• ABOUT THIS TASK: Copy all lines below containing "Outdoor".

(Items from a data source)
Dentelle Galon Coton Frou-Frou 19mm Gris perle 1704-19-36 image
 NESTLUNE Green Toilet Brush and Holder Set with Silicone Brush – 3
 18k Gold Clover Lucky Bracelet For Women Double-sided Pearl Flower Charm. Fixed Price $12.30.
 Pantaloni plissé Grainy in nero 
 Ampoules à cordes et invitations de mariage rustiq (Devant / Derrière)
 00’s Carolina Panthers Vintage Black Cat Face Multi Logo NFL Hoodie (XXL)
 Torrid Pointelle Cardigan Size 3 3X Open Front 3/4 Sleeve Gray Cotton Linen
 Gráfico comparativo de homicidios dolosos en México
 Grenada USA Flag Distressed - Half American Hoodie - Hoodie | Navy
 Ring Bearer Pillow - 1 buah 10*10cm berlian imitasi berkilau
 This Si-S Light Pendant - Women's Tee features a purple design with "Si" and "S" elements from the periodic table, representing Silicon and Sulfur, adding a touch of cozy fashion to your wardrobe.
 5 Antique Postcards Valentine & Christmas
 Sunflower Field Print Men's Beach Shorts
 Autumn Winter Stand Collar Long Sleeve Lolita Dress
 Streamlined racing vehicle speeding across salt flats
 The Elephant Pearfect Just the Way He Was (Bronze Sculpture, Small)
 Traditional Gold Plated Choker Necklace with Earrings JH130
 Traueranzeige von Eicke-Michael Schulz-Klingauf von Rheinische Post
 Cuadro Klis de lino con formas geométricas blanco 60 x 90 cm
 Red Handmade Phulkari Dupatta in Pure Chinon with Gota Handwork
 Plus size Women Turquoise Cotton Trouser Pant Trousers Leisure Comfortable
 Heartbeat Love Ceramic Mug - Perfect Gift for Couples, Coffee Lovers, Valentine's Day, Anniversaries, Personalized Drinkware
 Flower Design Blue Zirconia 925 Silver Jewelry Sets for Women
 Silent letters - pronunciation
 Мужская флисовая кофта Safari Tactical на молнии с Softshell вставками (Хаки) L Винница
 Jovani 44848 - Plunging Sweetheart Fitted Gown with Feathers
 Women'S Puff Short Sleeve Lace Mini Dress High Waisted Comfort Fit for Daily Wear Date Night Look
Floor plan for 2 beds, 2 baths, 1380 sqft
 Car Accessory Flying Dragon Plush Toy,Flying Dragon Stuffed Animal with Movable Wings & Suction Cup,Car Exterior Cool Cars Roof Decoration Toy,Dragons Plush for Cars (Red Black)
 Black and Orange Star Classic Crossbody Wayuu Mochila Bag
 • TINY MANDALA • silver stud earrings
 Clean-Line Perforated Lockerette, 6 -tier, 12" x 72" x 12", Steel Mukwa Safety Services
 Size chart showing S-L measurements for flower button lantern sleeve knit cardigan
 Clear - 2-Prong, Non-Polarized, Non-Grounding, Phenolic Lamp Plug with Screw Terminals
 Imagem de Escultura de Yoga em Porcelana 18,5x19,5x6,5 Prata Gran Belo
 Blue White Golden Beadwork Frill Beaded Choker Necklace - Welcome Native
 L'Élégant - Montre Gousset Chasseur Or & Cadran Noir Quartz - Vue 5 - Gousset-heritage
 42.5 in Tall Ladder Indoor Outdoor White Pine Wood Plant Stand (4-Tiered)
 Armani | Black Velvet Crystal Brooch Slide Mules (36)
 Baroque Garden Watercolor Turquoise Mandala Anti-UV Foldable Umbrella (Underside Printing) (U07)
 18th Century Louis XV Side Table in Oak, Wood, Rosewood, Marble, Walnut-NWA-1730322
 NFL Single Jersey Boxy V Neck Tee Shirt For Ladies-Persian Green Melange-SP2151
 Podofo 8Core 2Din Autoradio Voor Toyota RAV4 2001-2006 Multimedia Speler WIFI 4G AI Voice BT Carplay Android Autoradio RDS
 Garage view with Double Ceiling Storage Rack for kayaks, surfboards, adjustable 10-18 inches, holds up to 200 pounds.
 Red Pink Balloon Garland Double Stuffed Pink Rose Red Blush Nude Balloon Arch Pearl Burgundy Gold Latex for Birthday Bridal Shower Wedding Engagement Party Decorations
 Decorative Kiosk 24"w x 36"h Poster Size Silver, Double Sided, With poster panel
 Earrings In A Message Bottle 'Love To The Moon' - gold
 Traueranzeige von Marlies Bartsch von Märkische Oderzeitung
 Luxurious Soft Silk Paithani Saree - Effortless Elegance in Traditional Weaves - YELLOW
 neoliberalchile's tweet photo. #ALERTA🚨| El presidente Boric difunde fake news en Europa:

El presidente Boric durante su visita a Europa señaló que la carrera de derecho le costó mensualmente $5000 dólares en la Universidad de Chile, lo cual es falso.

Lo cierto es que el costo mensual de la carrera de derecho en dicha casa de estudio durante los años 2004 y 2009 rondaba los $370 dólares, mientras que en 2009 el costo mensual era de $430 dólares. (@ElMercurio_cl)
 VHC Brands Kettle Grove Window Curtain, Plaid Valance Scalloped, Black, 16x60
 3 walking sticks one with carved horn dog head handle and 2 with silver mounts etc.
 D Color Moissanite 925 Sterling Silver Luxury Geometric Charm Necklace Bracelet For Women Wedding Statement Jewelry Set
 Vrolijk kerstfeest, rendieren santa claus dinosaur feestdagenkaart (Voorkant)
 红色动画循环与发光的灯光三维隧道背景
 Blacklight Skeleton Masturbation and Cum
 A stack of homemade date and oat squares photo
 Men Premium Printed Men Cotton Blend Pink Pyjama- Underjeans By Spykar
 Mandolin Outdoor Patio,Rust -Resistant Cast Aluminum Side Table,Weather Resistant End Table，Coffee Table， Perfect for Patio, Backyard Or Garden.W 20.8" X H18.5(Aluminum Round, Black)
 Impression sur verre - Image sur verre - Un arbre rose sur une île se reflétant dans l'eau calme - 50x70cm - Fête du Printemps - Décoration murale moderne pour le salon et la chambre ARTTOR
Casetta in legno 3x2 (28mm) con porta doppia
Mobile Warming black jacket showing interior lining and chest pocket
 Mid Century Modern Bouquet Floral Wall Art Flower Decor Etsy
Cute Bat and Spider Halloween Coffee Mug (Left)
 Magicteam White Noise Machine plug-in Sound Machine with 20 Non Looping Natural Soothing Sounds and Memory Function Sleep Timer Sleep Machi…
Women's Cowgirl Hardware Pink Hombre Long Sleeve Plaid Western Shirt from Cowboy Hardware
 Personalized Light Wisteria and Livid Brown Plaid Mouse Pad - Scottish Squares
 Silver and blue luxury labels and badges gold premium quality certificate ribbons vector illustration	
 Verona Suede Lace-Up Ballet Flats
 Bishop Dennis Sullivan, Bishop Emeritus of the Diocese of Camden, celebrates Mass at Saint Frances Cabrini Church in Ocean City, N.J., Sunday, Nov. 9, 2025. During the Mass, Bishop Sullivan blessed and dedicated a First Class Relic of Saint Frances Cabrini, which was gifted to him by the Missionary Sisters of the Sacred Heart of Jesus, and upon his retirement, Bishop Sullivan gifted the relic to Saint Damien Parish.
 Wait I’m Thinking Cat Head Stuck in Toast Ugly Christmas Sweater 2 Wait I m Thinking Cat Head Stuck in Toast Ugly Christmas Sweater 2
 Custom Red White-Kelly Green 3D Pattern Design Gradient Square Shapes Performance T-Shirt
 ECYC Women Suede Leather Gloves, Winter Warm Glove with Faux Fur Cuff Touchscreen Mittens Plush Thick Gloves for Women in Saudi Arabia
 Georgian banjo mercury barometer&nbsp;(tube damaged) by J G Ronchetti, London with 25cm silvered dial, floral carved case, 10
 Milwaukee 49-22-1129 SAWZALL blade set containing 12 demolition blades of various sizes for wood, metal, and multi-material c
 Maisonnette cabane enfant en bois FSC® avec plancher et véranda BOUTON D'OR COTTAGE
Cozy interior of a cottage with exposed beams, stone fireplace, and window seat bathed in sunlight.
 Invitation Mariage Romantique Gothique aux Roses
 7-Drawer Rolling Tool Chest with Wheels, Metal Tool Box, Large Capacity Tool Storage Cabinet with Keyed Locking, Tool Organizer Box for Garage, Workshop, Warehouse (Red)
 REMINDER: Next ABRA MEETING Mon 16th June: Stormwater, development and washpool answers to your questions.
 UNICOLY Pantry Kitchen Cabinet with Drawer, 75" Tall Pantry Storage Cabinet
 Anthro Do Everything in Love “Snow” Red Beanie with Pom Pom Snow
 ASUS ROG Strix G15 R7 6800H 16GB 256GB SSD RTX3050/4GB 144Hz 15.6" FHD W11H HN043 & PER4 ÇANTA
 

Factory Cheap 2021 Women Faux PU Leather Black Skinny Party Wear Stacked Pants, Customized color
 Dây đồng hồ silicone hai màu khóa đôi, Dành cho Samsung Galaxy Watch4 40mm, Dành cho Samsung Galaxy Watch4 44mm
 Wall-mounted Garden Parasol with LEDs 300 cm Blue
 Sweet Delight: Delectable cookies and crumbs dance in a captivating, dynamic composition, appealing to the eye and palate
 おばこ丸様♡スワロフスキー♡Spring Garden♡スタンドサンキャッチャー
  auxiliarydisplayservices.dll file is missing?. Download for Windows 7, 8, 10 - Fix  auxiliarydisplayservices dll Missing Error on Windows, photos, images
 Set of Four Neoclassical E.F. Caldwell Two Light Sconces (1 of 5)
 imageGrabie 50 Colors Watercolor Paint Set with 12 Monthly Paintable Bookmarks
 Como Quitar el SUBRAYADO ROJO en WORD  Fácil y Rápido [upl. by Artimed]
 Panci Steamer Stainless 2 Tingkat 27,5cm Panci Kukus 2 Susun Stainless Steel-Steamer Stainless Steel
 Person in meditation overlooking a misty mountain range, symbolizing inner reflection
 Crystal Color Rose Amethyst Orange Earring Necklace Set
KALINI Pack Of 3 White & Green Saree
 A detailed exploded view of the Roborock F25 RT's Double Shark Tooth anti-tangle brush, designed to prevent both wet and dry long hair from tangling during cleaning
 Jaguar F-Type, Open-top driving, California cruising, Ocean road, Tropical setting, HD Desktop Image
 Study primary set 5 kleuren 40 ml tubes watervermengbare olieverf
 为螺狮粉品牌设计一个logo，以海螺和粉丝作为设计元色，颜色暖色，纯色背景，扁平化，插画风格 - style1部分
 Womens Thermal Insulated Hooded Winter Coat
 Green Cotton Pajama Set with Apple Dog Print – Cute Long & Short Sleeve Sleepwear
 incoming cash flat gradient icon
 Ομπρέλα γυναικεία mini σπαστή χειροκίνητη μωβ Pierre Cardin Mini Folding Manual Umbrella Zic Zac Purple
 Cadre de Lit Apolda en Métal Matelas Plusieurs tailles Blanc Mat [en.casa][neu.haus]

• COMPLETED TASK:
 42.5 in Tall Ladder Indoor Outdoor White Pine Wood Plant Stand (4-Tiered)
 Mandolin Outdoor Patio,Rust -Resistant Cast Aluminum Side Table,Weather Resistant End Table，Coffee Table， Perfect for Patio, Backyard Or Garden.W 20.8" X H18.5(Aluminum Round, Black)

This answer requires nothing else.